G-d cares for nothing better, we’re taught, than that we draw close to Him again in repentance if we’d turned away. Now, while we’d logically be expected to do it for that stunning, loving reason alone, the truth is that most of us want to know what it entails beforehand, and then (to use a crass but all-but universal sentiment) what’s in it for us if we do. We’ll touch upon both here, though in reverse order.
It’s vitally important to know first off that “repentance is great”. And why — because “it brings a person closer to G-d”, as Rambam puts it. For, “even if you were a wrongdoer your whole life but you repented in the end, then all of your wrongdoing would go unnoticed” as a consequence.
In fact repenting draws us close to G-d on two levels. Here in this world, by allowing us a deep sense of soul-satisfaction, a surer feeling of being in G-d’s presence, and more. And on an otherworldly level, it ensures us a place in the World to Come, which is “a form of life without death” that is all “pleasantry and goodness”, where the righteous “sit with … crowns on their heads and bask in the radiance of the Divine Presence”.
Don’t mistakenly think, by the way, that those in the World to Come “eat and drink good foods, … dress in (fine) embroidered clothing, dwell in a (house) of ivory, use utensils of gold and silver” or the like, as some imagine. Know instead that, “the great goodness that the soul experiences in the World To Come” is so sublime that “it’s beyond our worldly comprehension”. In fact, we can no more fathom the pleasure of the World to Come than the blind can know the glow and nuance of color or the deaf can sense the hum and ring of sound. For “no one can know its greatness, beauty, and essence other than the Holy One, Blessed Be He”.
Now, as to the actual process of repenting, there are a number of elements involved to simple, conventional repentance.

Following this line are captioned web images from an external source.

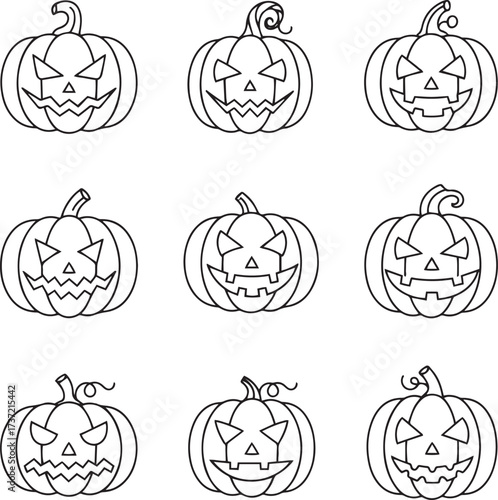  A precise grid display of nine black and white outlined illustrations, showcasing various carved pumpkins, commonly known as Jack-o'-lanterns. 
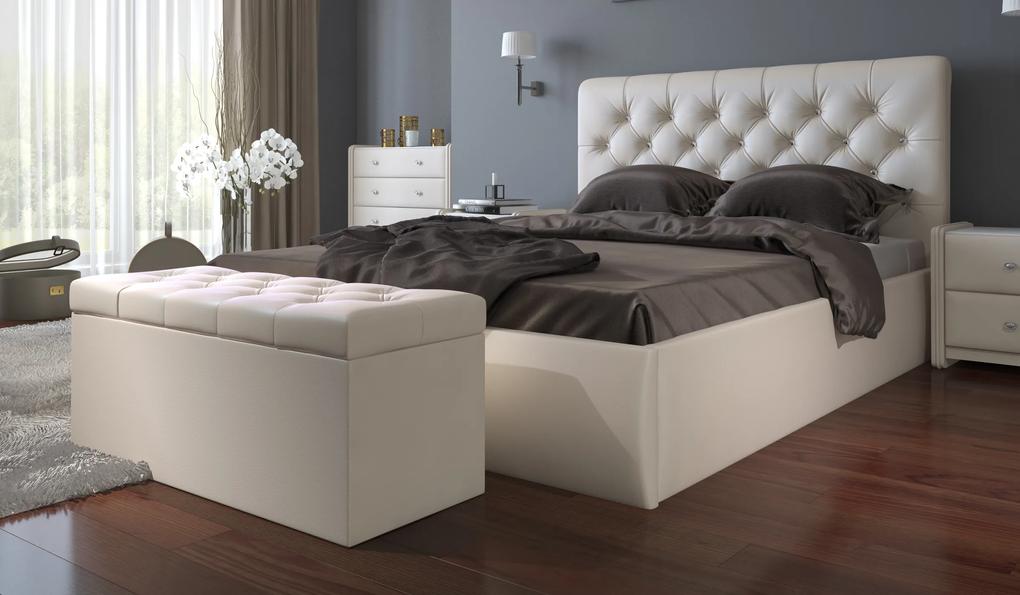 Sofos Čalúnená posteľ BEATRICE 180x200 cm, biela-mliečna, s úložným priestorom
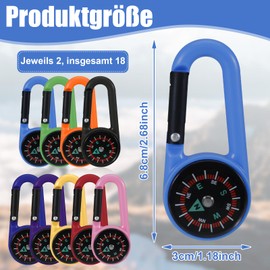 kodivenj Pack of 18 Compass with Carabiner Hook, Compass Key Ring, Colourful Mini Compass, Carabiner Compass Pendant, Multifunctional, Portable for Outdoor Hiking Camping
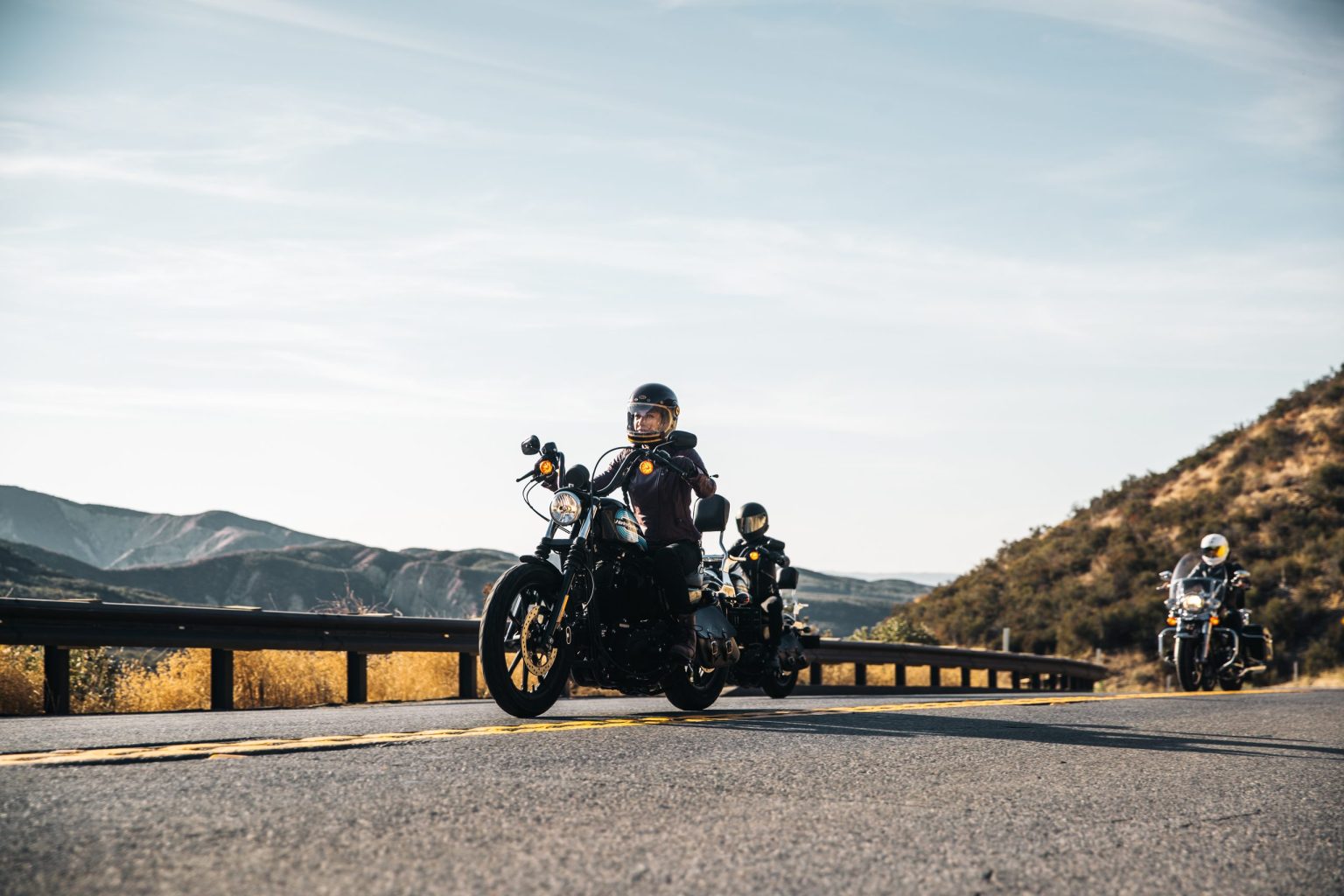 Motorcyclists riding a mountain road in Southern California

We’re to first of all verbally admit our error to G-d and to the person we’d offended, if that’s the case; second, to simply stop committing the sin and take it upon ourselves to never commit it again; and third, to regret having committed it in the first place.
There are some more demanding things you could do, Rambam points out, like “cry out to G-d constantly and pleadingly; give charity according to (your) means; keep far away from what (you) transgressed against; change (your) name, as if to say, ‘I am someone else; I am not the person who did those things’; change all (your) ways for the good and toward the path of righteousness; and exile (yourself), since exile atones for sins by making (you) submissive, humble and low-spirited”. But they’re not essential.
Finally, you’ll know if you’d truly transformed yourself in the end if you’re faced with the chance to commit the same sin again, but you don’t — and not because someone was watching or because you were physical incapable of doing it, but simply because you’d truly repented.